## PROBLEM TO SOLVE
The answer must repeat every record exactly, with all pictures omitted.

## INPUT
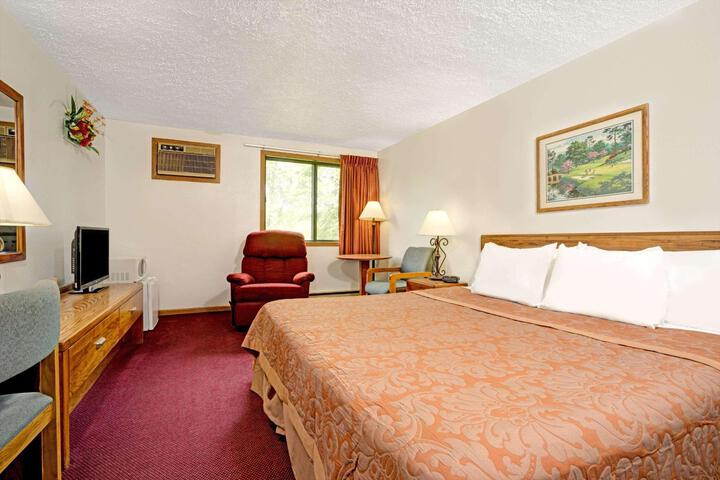 1 King Bed (7 of 8)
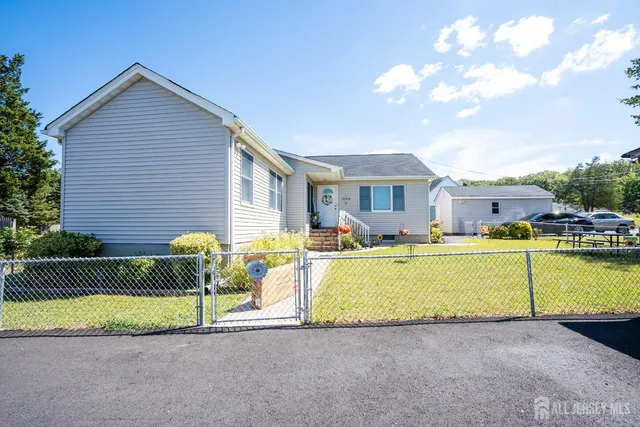 a view of a house with a swimming pool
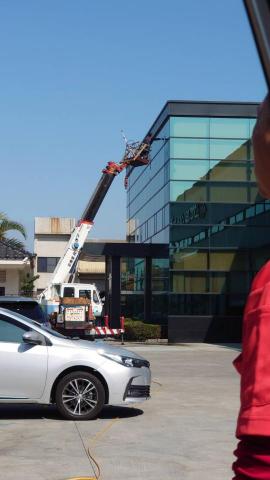 佑宬工程行 - 玻璃帷幕外牆清洗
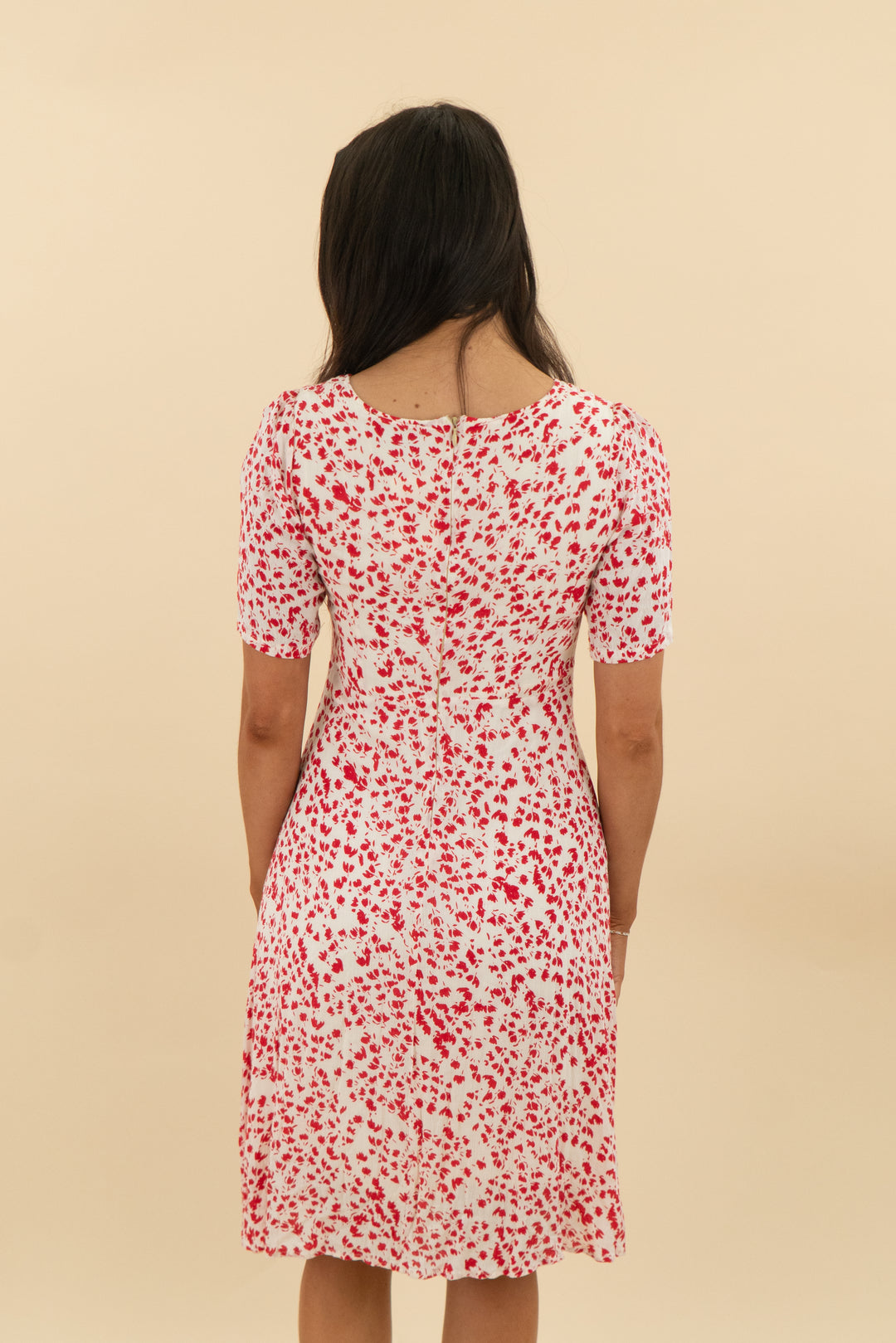 vici off-white red floral short sleeve midi dress (s: retail $74)
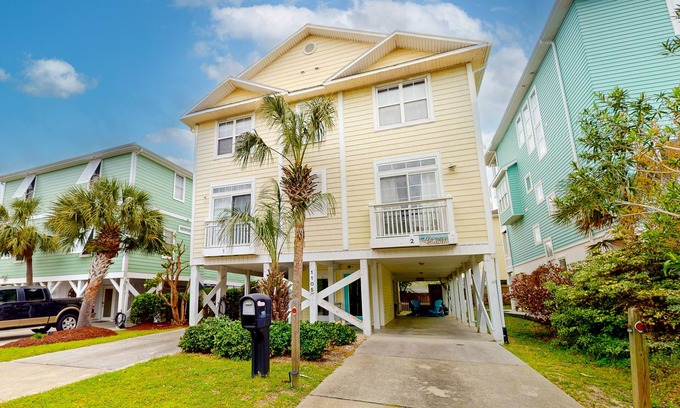 Wilmington Beach House | Stylish Condo | 2 Balconies | 350 Yards to Beach, 1 Block to Lake Park Blvd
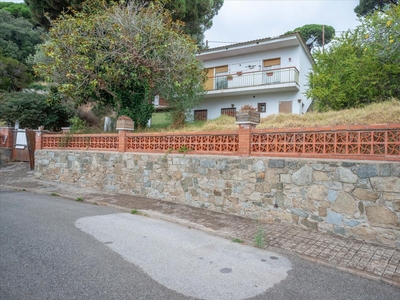 Venta de casa con terraza en Sant Cebrià de Vallalta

## RESPONSE BOX
 1 King Bed (7 of 8)
 a view of a house with a swimming pool
 佑宬工程行 - 玻璃帷幕外牆清洗
 vici off-white red floral short sleeve midi dress (s: retail $74)
 Wilmington Beach House | Stylish Condo | 2 Balconies | 350 Yards to Beach, 1 Block to Lake Park Blvd
 Venta de casa con terraza en Sant Cebrià de Vallalta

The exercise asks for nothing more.